Отдавая затем отчет о нескольких отрывках берлиозовых композиций, произведших на меня (как и на всю публику) великое поэтическое впечатление («Reine Mab», «Danse des Sylphes», «Marche des pèlerins»), я говорил в заключение:
«Кажется, будто развитие этого человека будет простираться бесконечно; не знаешь, каких еще новых чудес можно ожидать от него…» («Отечественные записки», 1847, т. 51, «Смесь», стр. 222–227).
Отношения петербургской аристократии все это время были к Берлиозу точно такие же, как к Листу за пять лет перед тем: дружеские, симпатические, почтительные. Может быть, она в сущности мало разбирала в музыке Берлиоза, мало находила для себя в ней подходящего, особливо среди тогдашней итальянской белой горячки, однакоже слушалась своих аристократических музыкальных корнаков: двух графов (Виельгорских), одного князя (Одоевского) и одного генерала (Львова). Они задавали тон, аристократия тянула хором ноту. Поэтому-то Берлиоза в высшем свете носили на руках. Конечно, при этом Львов дал ему послушать пение знаменитой нашей придворной капеллы: Берлиоз пришел от него в великое восхищение. Спустя четыре года он писал Львову из Парижа 1 февраля 1851 года: «Кланяйтесь, пожалуйста, артистам капеллы и скажите им, что я сохраняю о них самое симпатичное и искренно восхищенное воспоминание. Наконец удалось дать их узнать в Париже: их оценяют, веря мне, почти столько, сколько они того стоят. Теперь уже больше не верят, чтоб несчастные кастраты сикстинской капеллы в Риме были бы первыми и единственными церковными певчими, достойными этого имени…» Ему же он писал 21 января 1852 года: «Пожалуйста, напомните обо мне вашей чудной капелле и скажите артистам, составляющим ее, что мне очень надо было бы послушать их, чтоб наплакаться». Петербургским театральным оркестром и хором Берлиоз также остался, в 1847 году, чрезвычайно доволен.

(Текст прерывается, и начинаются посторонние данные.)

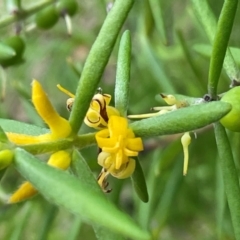 Persoonia mollis (Soft Geebung) at South Pacific Heathland Reserve - 3 Jul 2024 by Clarel
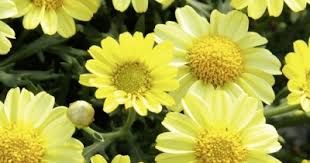 `Yellow` `Yellow`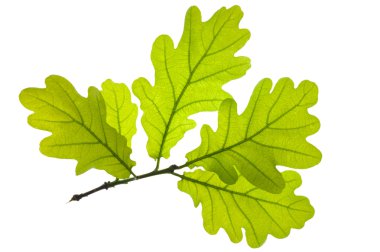 Oak leaf clipart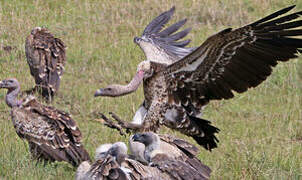 Rüppell's Vulture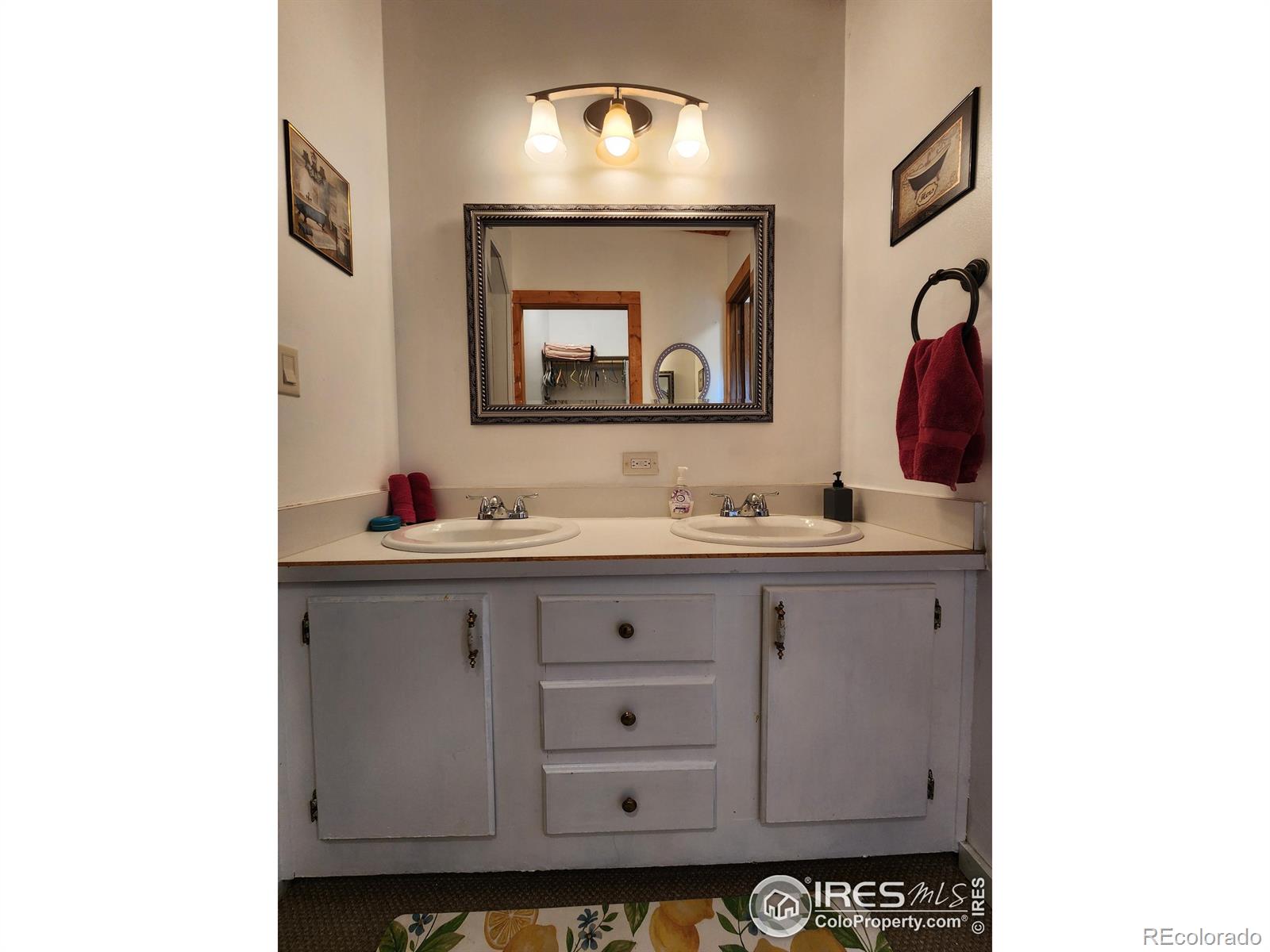MLS Image #19 for 1153  spruce mountain drive,drake, Colorado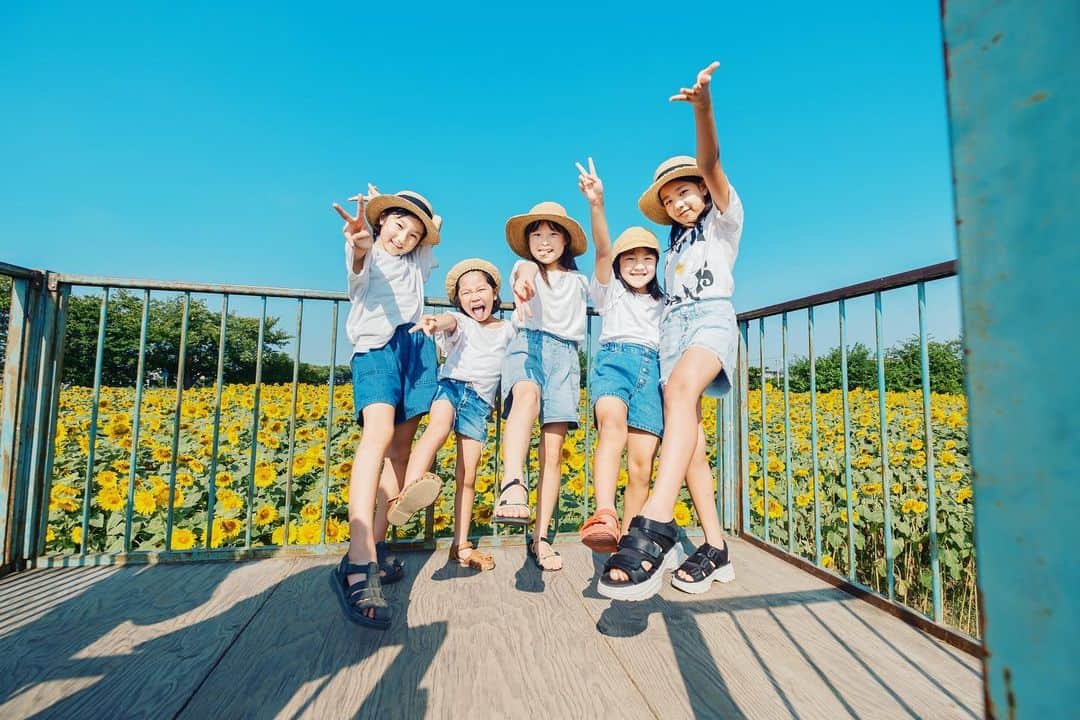 あすかのインスタグラム：「・ 夏の早朝 青空！ ひまわり満開！ みんな可愛い😊🌻 ・」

Но иное впечатление произвело на Берлиоза исполнение «Жизни за царя» на московской сцене. «Громадный театр был почти пуст, и сцена почти все время представляла сосновые леса, занесенные снегом, стены, покрытые снегом, людей, белых от снега. Я трясусь от холода, как только вспомню все это. В этой опере есть очень изящные и очень оригинальные мелодии, но мне почти пришлось их отгадывать, — так плохо было исполнение».
Берлиоз уехал из Петербурга, полный самых приятных впечатлений и воспоминаний. Заметим, что императрица Александра Федоровна была с ним, во время его пребывания в Петербурге, столько же любезна и ласкова, как с Листом в 1842 и 1843 годах, и точно так же присутствовала на его концертах. На возвратном пути из России Берлиозу удалось дать концерт в Риге, и даже и тут, в провинциальном городе, он встретил одушевленных поклонников. В письме к графу Виельгорскому от 22 мая 1847 года, из Риги, он говорит: «Публика была столько же горячая, как и малочисленная. Теперь у Риги стоит 1100 кораблей, и все мужчины заняты продажей или покупкой хлеба с 8 часов утра до 11 вечера, так что в зале были все только дамы и очень немного кавалеров. Но как бы то ни было, я не сожалею ни об усталости от концерта, ни о потраченном на него времени, после горячих демонстраций оркестра, совершенно неизвестного мне, но который я теперь считаю своим другом…» Рассказывая далее свои восторги от Шекспира (вечного предмета своего обожания), и именно от «Гамлета», которого ему привелось видеть тут же в Риге, по-немецки, он говорил графу Виельгорскому: «О, если бы я был очень богат, какие бы представления я задавал себе самому и своим приятелям! И как бы я и в дверь не пустил всех прочих, посторонних, которых бог посадил на землю для того, чтобы воротить художников к смирению и поурезать у них амбиционные крылья! По счастью, он поселил также на земле несколько крупных умов, поддерживаемых и согреваемых чудесным сердцем, для того, чтобы поднять бодрость этих самых художников, когда они падают, задавленные толпой кретинов…» Далее следовали комплименты недоконченной опере Виельгорского «Цыганы»: Берлиоз уговаривал автора скорее кончать ее.